Mbak Sri, seorang guru SD di suatu desa, seringkali pulang kerja dengan perasaan lelah dan frustasi. Beban mengajar yang berat, ditambah dengan tuntutan dari orang tua siswa, membuatnya merasa terjebak dalam lingkaran setan. Kisah Mbak Sri bukanlah cerita yang berdiri sendiri. Banyak guru di Indonesia yang mengalami hal serupa, hingga pada titik di mana mereka merasa putus asa dan kehilangan semangat untuk mengajar.

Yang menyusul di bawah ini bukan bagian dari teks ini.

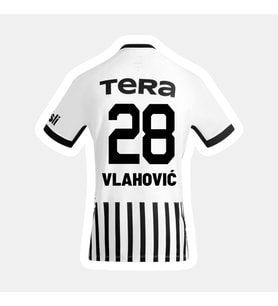 Vlahovıc-28 Bêşiktaş 26-27 Yeni Sezon Yetişkin Futbol Forması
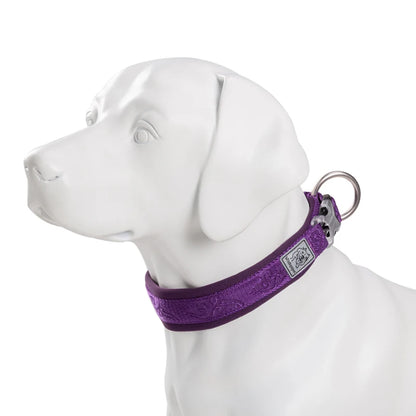 Adjustable Padded Pet Dog Collar: Comfort, Ventilation, and Personalized - View 10 - Happy Tail Center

Menjadi guru bukanlah sebuah pekerjaan yang mudah. Terkadang dalam proses mengajar terdapat suatu masalah yang membuat stres. Guru harus berhadapan dengan berbagai macam karakteristik murid. Tak jarang beban pekerjaan ini menjadi tantangan secara mental, salah satunya adalah rasa cemas. Kecemasan yang dialami guru dapat disebabkan oleh beberapa hal seperti stres, tekanan dari beban pekerjaan, dan kelelahan emosional. Sebuah penelitian menemukan bahwa guru merupakan profesi yang lebih rentan terhadap stres pekerjaan, tekanan psikologis umum dan burnout dibandingkan dengan pekerjaan lain (Johnson et al., 2005).
Teacher burnout merupakan salah satu penyebab guru mengalami kecemasan. Teacher burnout merupakan masalah psikologis yang dialami seorang guru sebagai respons terhadap stres yang tinggi dari pekerjaan, kelelahan emosional, depersonalisasi, dan turunnya prestasi dalam diri. Dengan tuntutan yang besar, seorang guru seringkali merasa lelah secara emosional dan merasa cemas akan kinerjanya. Apalagi guru juga dituntut memiliki dorongan yang tinggi dalam membantu orang lain dan harus menangani masalah murid di sekolah, serta berkomunikasi dengan orang tua murid.
Sebuah survey pada 122 guru di Australia menemukan sekitar 18% guru mengalami gejala depresi sedang hingga berat, sekitar 62% mengalami gangguan kecemasan sedang hingga berat dan sekitar 19,75% mengalami gangguan kecemasan berat (Stapleton, 2019). Dari survei tersebut menunjukkan bahwa guru merasa khawatir akan keselamatan dan kesejahteraan mereka saat bertugas di sekolah. Hal ini tentu saja mengkhawatirkan, mengingat peran penting guru dalam mencerdaskan kehidupan bangsa.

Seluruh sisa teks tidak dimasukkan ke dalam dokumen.